**DIRECTIONS:** For this exercise, retype the lines from the one that holds "Bunio — Compact" through the one that holds "Hallway Shoe Bench" in the records below, both included, exactly and without pictures.

**RECORDS PROVIDED:**
****************
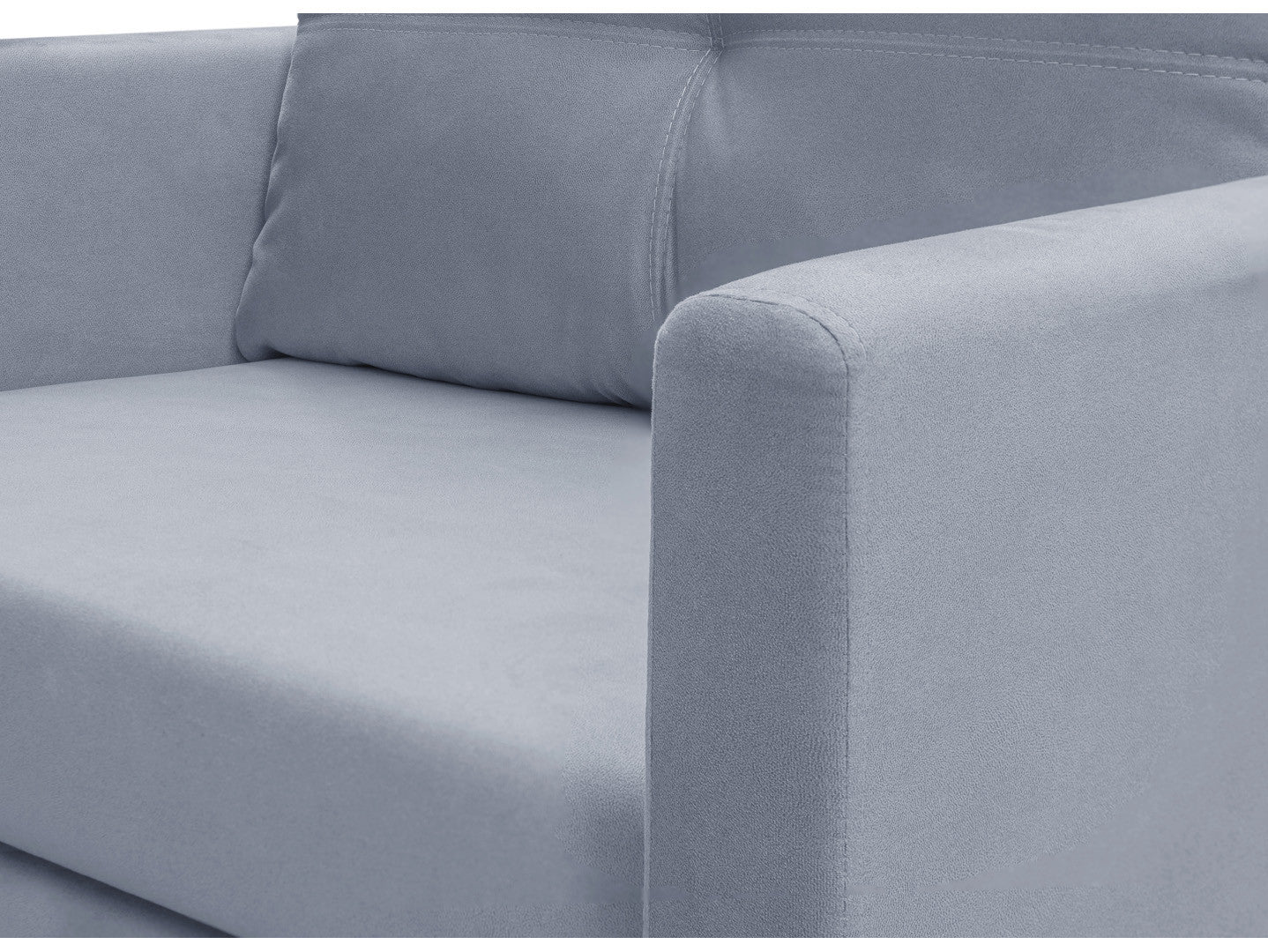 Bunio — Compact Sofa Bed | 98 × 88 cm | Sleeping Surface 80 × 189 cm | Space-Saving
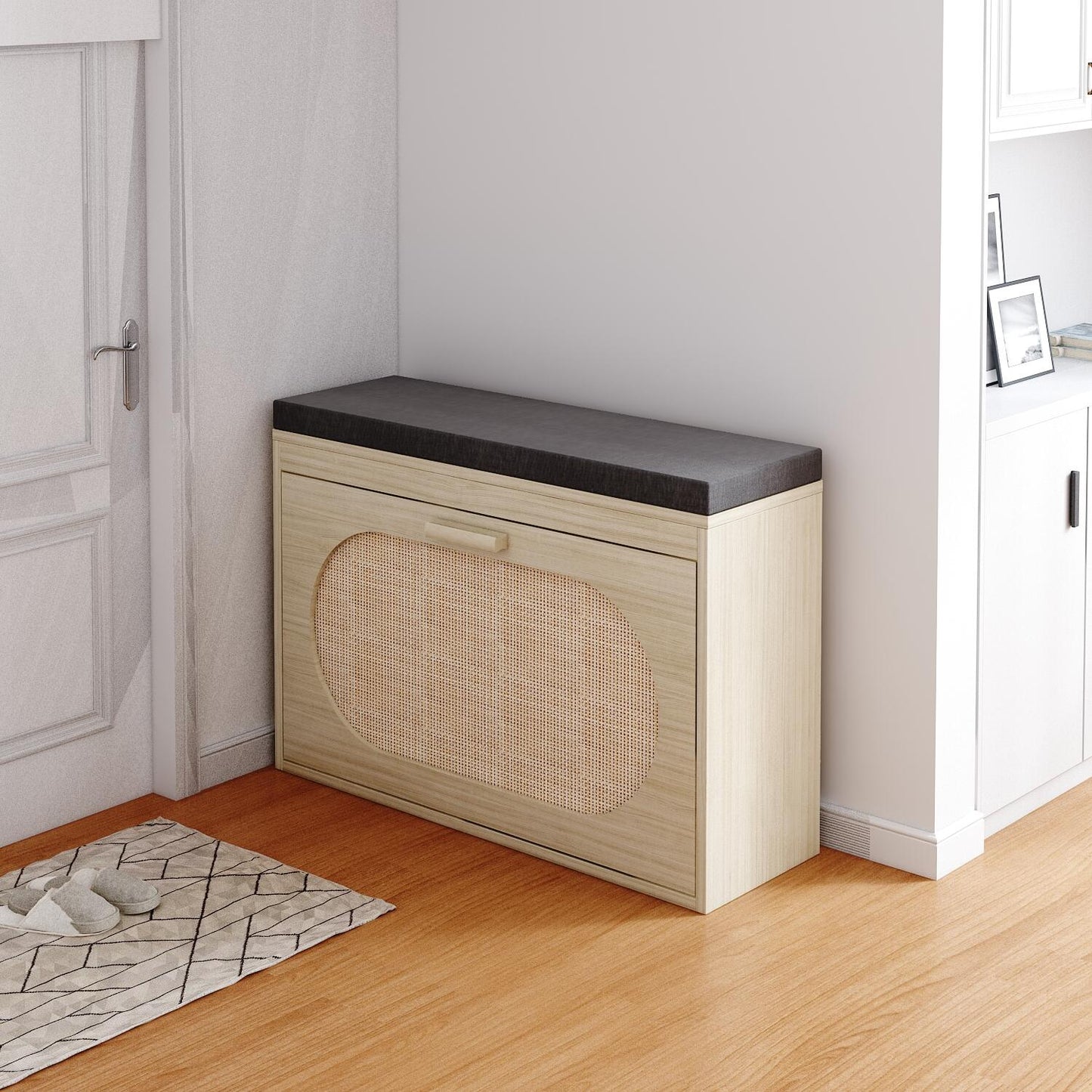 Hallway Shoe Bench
****************
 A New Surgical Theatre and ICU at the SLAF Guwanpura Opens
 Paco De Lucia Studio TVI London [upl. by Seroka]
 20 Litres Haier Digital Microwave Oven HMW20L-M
****************
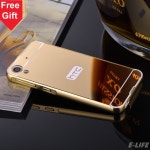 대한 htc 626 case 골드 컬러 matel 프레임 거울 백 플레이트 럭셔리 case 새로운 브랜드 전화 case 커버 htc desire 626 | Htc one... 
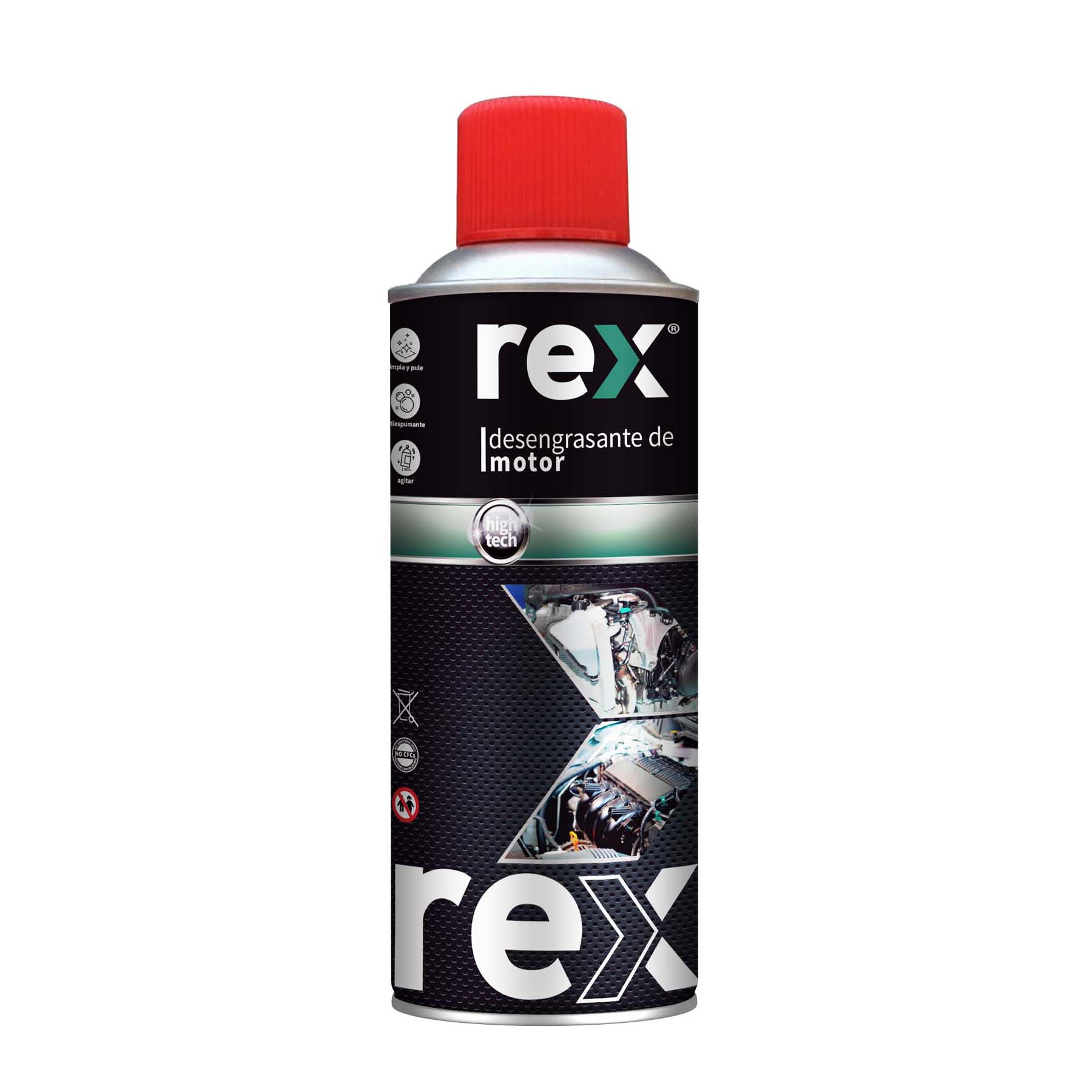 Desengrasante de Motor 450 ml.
****************
**RESPONSE AREA:**
 Bunio — Compact Sofa Bed | 98 × 88 cm | Sleeping Surface 80 × 189 cm | Space-Saving
 Hallway Shoe Bench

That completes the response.